Philippe Petit, the tightrope walker who brought Manhattan to a halt

On August 7, 1974, at 7:15 in the morning, Manhattan wakes up as it always does. The noise of traffic beginning to rise from the streets, distant sirens, the hum of the city switching itself on. And then someone looks up. A black speck suspended between the Twin Towers, four hundred and eleven meters above the ground. A trick of perspective, perhaps. A bird. But the speck moves sideways, impossibly, along an invisible line in the dawn air.

Philippe Petit is standing on a steel cable less than three centimeters thick. Beneath him there is nothing. No net, no harness. Only a balancing pole and a sky that has become his carpet. He moves with deliberate slowness, as if walking on emptiness were the most natural thing in the world.

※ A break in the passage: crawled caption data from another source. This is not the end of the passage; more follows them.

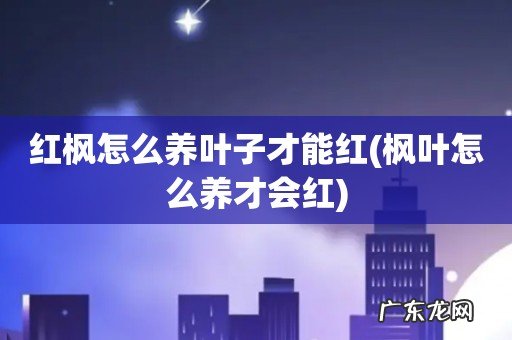 枫叶怎么养才会红 红枫怎么养叶子才能红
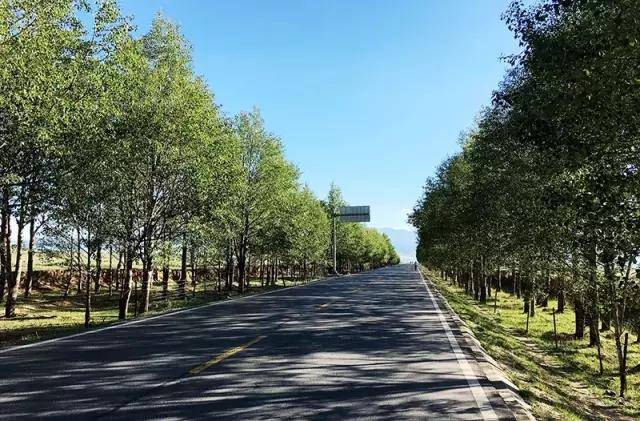 湖東種羊場交通最新動態(tài)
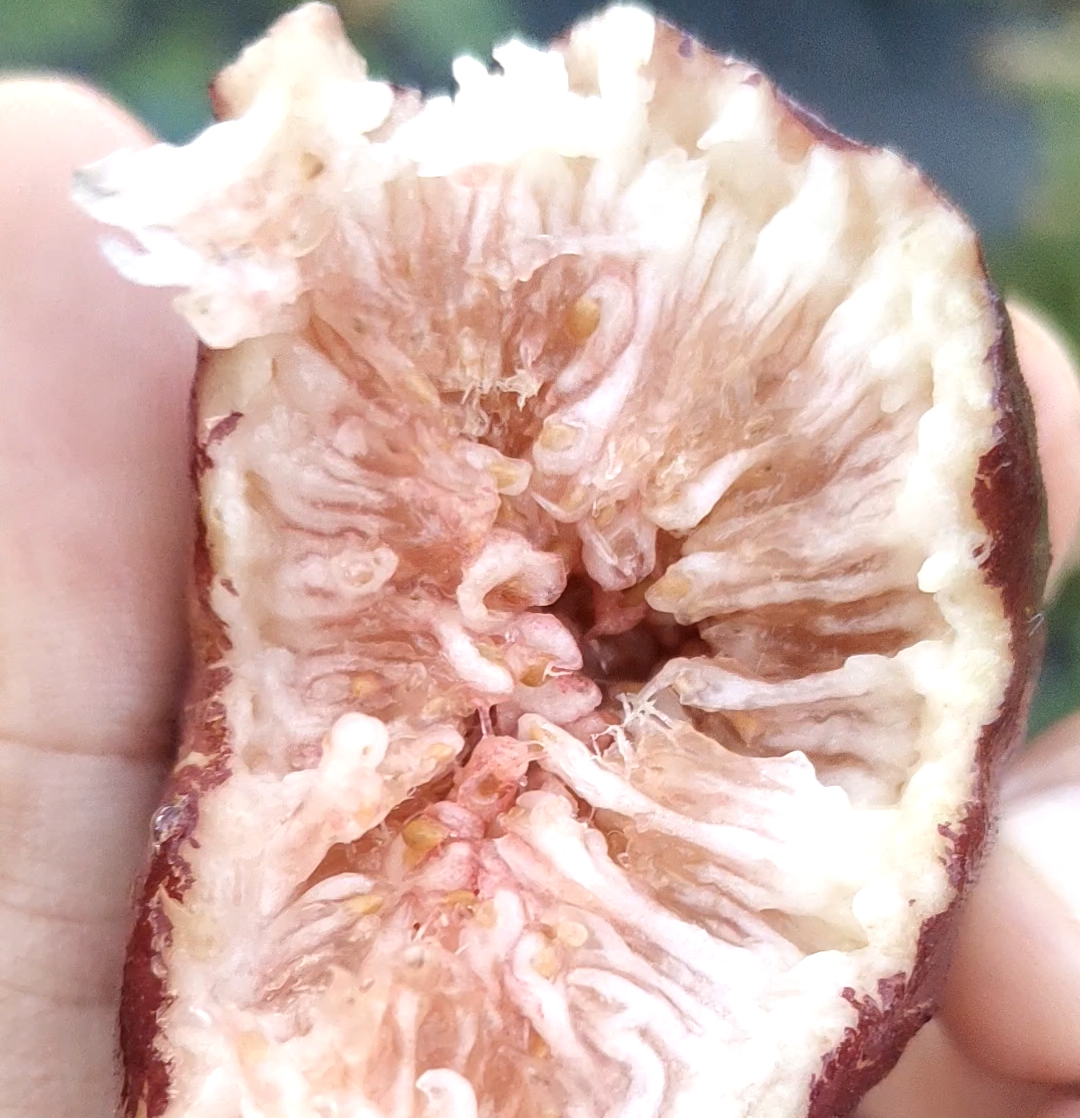 玛斯义陶芬无花果,一个被误解的品种,果子很大,甜度也不低,果子里面还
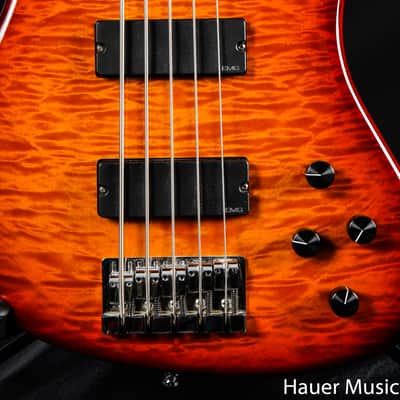 Warmoth 5-String Fretless Bass Sunburst image 2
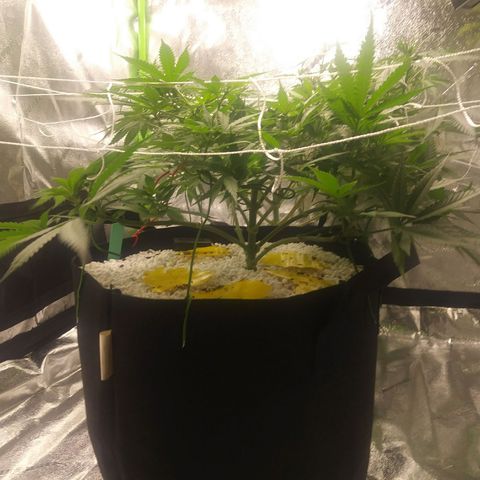 Green Cush growlog timeline photo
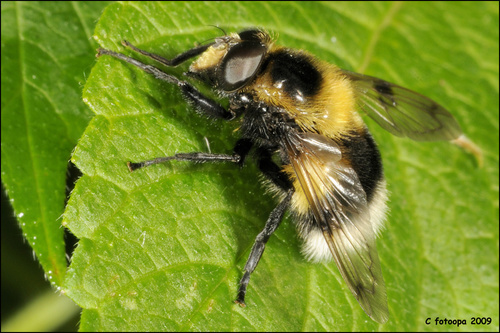 Bumble Bee Hover Fly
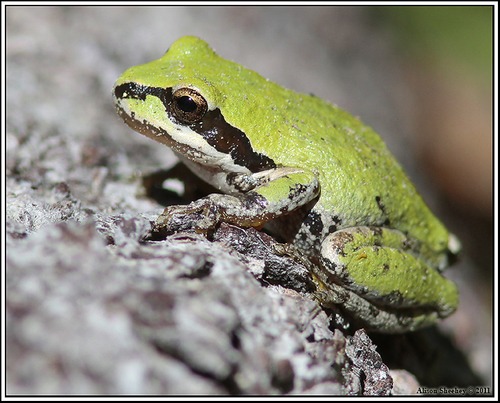 iNaturalist observation photo of Pacific chorus frog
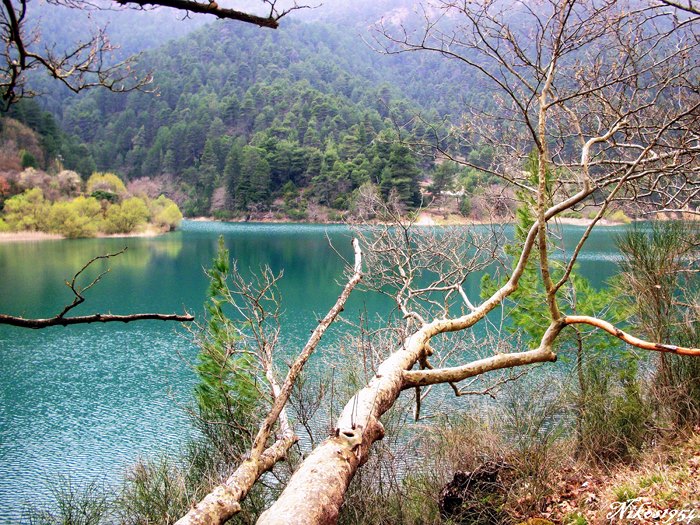 o paradeisos yparchei kai vrisketai molis 2 ores apo tin athina 12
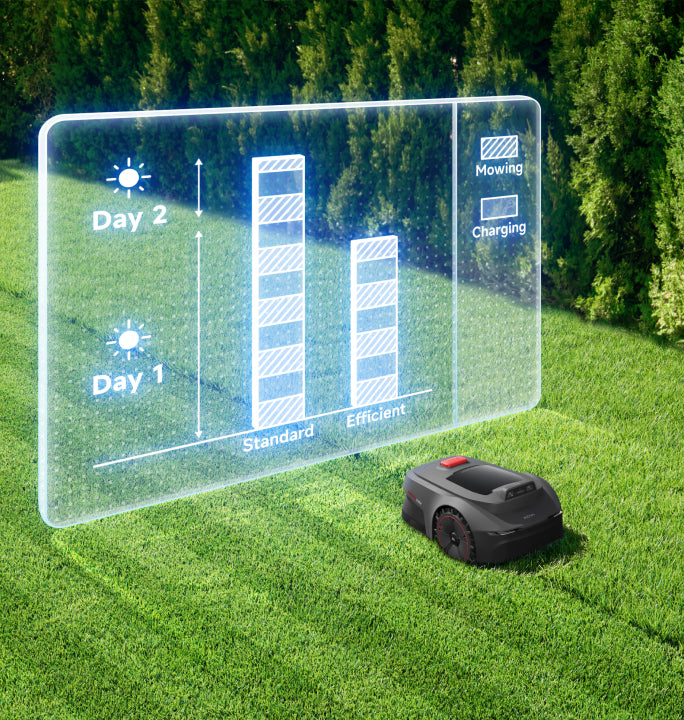 Adjustable Mowing Efficiency - 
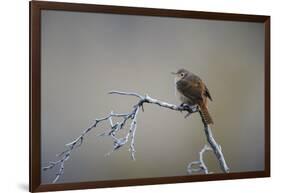 Chile, Aysen, Valle Chacabuco. House Wren in Patagonia Park.-Fredrik Norrsell-Framed Photographic Print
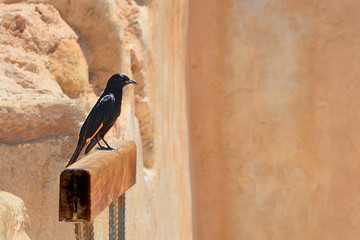  A lonely black bird with yellow wings sits on a wooden stick against the background of stones....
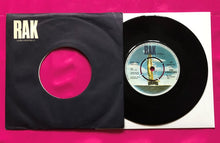 Load image into Gallery viewer, The Vibrators - We Vibrate / Whips and Furs RAK Records 7&quot; Single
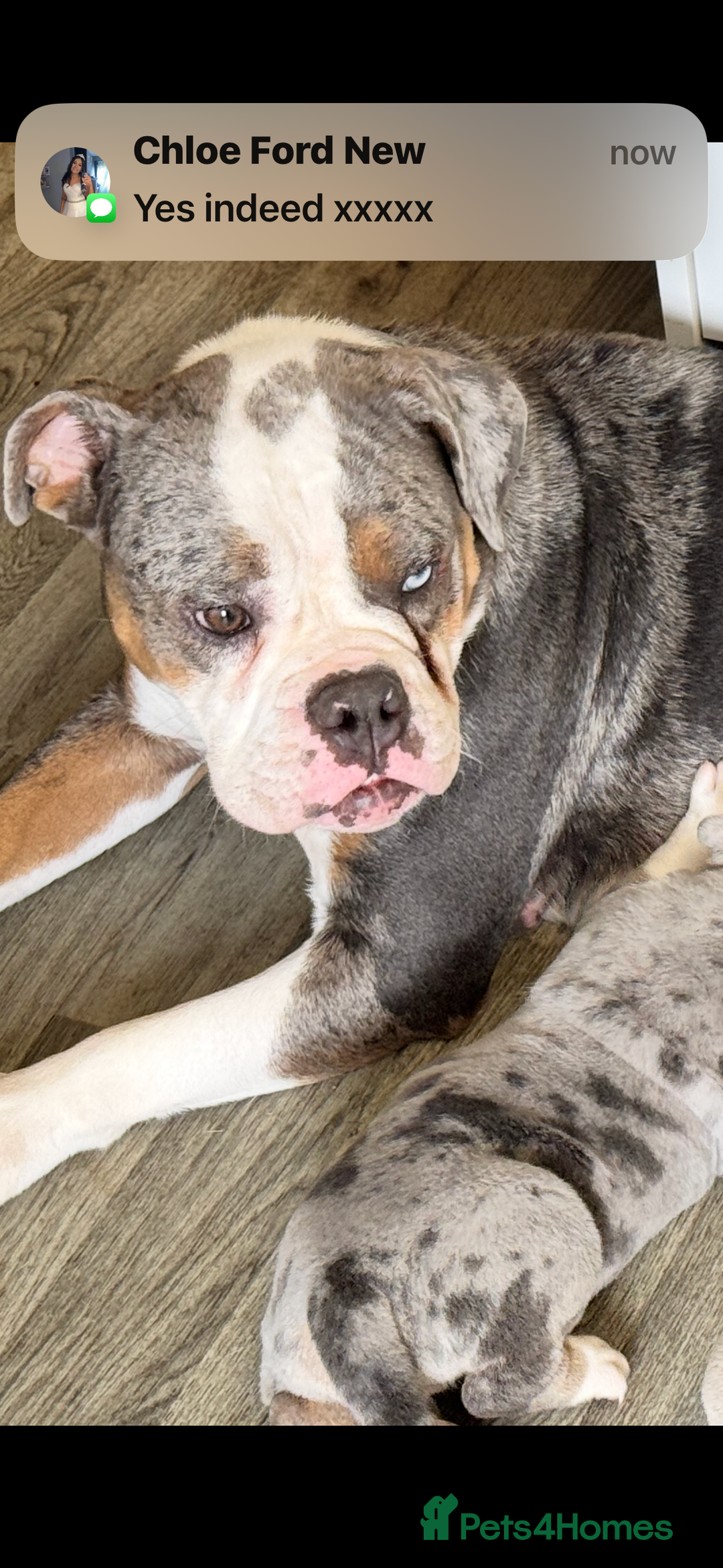 Olde English Bulldogge dogs for sale: Male old English bulldog - Advert 1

People stop in the streets. Some point. Others stand frozen, necks bent backward. Traffic slows. Horns blare but no one truly hears them, because everyone is looking up, toward that point where gravity should exist but seems to have decided to take a break.

Petit crosses once. Then he comes back. Eight crossings in forty-five minutes, back and forth as if strolling through a park. At one point he stops — and this is when the world holds its breath — he kneels on the wire, sits down, lies completely flat, stretched out on the steel four hundred meters above the ground, and looks at the sky above him. The last stars of dawn are disappearing. He salutes them.

On the towers, police officers stand terrified and powerless. They call to him, motion for him to come down. Petit looks at them, rises, and crosses again. It is a dance, a gentle taunt to authorities who can do nothing but wait. He is free up there, freer than he will ever be once he descends. The wire sings beneath his feet — “one must move gently, without disturbing the song of the wire,” he would later write in his Treatise on Tightrope Walking.

Below, Manhattan continues to pause. Construction workers, secretaries, taxi drivers. All with their faces turned upward. Because what is happening up there makes no sense, and yet it makes perfect sense. A man caressing the sky as if it were something solid.

When he finally comes down, they arrest him. The prosecutor drops the charges and sentences him to perform for children in Central Park. The Port Authority grants him a lifetime pass to the roof of the Twin Towers. As if to say: come back whenever you like, marvelous madman.

Petit was a teenager when he first saw a photograph of the Towers under construction, in a magazine in a dentist’s office. He decided that his place was exactly there, suspended between two points in the sky. It took him years to plan it: rented helicopters, scale models, nighttime infiltrations. An artistic crime. Because no one had given him permission. Who would ever grant permission to walk on emptiness?

Before the Towers there had been the bell towers of Notre-Dame Cathedral, the Sydney Harbour Bridge. Expelled from five schools, arrested more than five hundred times. Entirely self-taught. “Limits exist only in the soul of those who lack dreams,” he wrote.

Today he is seventy-five years old and still walks on wires, though now at six meters instead of four hundred, in the cathedral of Cathedral of Saint John the Divine. Still without a net.

That August morning, for forty-five minutes, air became ground and emptiness became home. And someone looked up and understood that the space between two points is never truly empty, if you have the stubbornness to cross it.